True - except we should note that hostname info is only exchanged if
someone
specifically requests it.
Note that I am a fan of *always* exchanging the hostname information.
I say this because multiple Cisco customers have told us that this is
invaluable debugging information: when a BTL fails to send a message,
for example, we specifically put in the error message "hostA tried to
send to hostB and failed" (vs. "communicator X rank Y tried to send to
rank Z"). System administrators want/need the actual hostnames in
order to [greatly] simplify the process of troubleshooting if there
is a problem in the fabric, and if so, where it is.
This is especially important for very large fabrics.
Do we really need a complete node map? A far as I can tell, it looks
like the MPI layer only needs a list of local processes. So maybe it
would be better to forget about the node ids at the mpi layer and
just
return the local procs.
I agree, though I don't think we want a parallel list of procs. We
just need
to set the "local" flag in the existing ompi_proc_t structures.
I agree that the desired end result is that we need that "local" flag
set in the relevant ompi_proc_t's.
As previously implied: strcmp'ing hostnames is not always sufficient
(e.g., on the cray). Hence, sending hostnames around is useful for
the reasons I cited above, but it may not be sufficient for what is
needed.
So my vote would be to leave the modex alone, but remove the node id,
and add a function to get the list of local procs. It doesn't
matter to
me how the RTE implements that.
I think we would need to be careful here that we don't create a need
for
more communication.

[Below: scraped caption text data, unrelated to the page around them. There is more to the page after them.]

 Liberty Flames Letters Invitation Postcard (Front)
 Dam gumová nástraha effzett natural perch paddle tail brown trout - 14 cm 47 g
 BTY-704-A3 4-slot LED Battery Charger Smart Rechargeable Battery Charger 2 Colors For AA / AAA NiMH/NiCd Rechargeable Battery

We have two functions currently in the modex:
1. how to exchange the info required to populate the ompi_proc_t
structures;
and
2. how to identify which of those procs are "local"

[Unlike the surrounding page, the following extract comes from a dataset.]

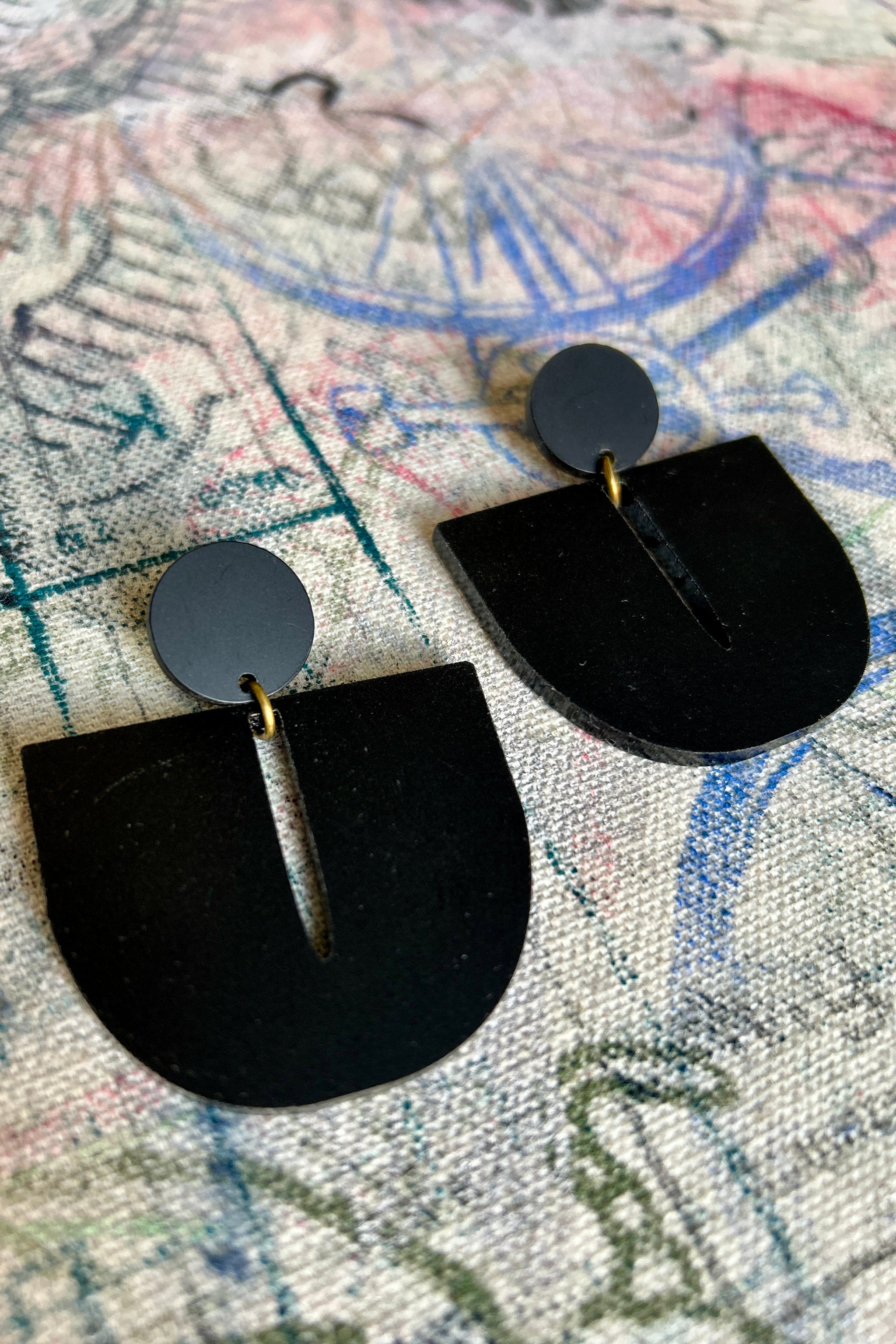Darlings of Denmark Earring Billie - Black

The problem with leaving the modex as it currently sits is that some
environments require a different mechanism for exchanging the
ompi_proc_t
info. While most can use the RML, some can't. The same division of
capabilities applies to getting the "local" info, so it makes sense
to me to
put the modex in a framework.
Otherwise, we wind up with a bunch of #if's in the code to support
environments like the Cray. I believe the mca system was put in place
precisely to avoid those kind of practices, so it makes sense to me
to take
advantage of it.
FWIW, I'm very against putting #if's in the code for specific
architectures / RTE's. Such differences is what the MCA is for.

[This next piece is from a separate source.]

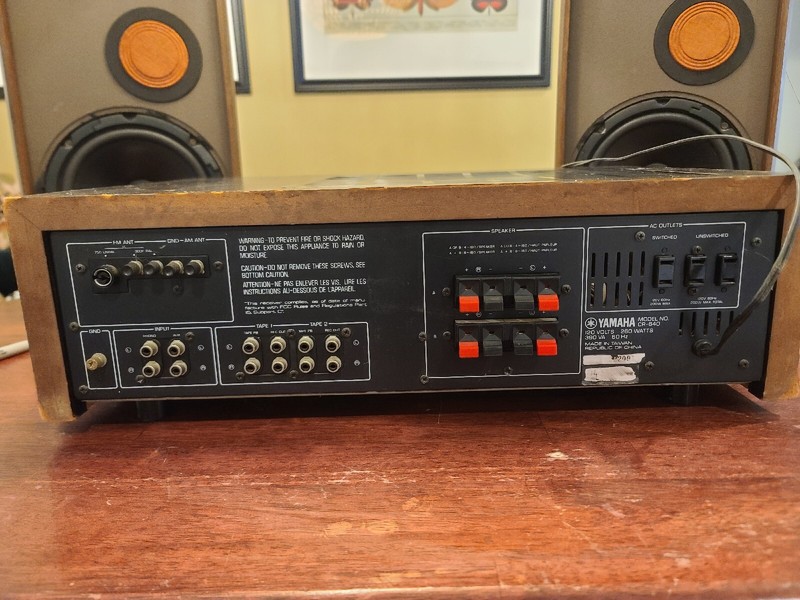 YAMAHA CR-640 Stereo Receiver Made in Japan USED Powers On/Sold AS-IS/For Parts gallery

Alternatively, if we did a process attribute system we could just use
predefined attributes, and the runtime can get each process's node id
however it wants.
Same problem as above, isn't it? Probably ignorance on my part, but
it seems
to me that we simply exchange a modex framework for an attribute
framework
(since each environment would have to get the attribute values in a
different manner) - don't we?
I have no problem with using attributes instead of the modex, but
the issue
appears to be the same either way - you still need a framework to
handle the
different methods.
I agree -- I don't see the difference. Tim -- can you explain? (I
also didn't quite understand your statement about being a fan of
attribute systems; other than it being an ASCII system with a flat
namespace [why is a flat namespace good, btw?], I don't really see how
it's significantly different than the modex principle...?)
--
Jeff Squyres
Cisco Systems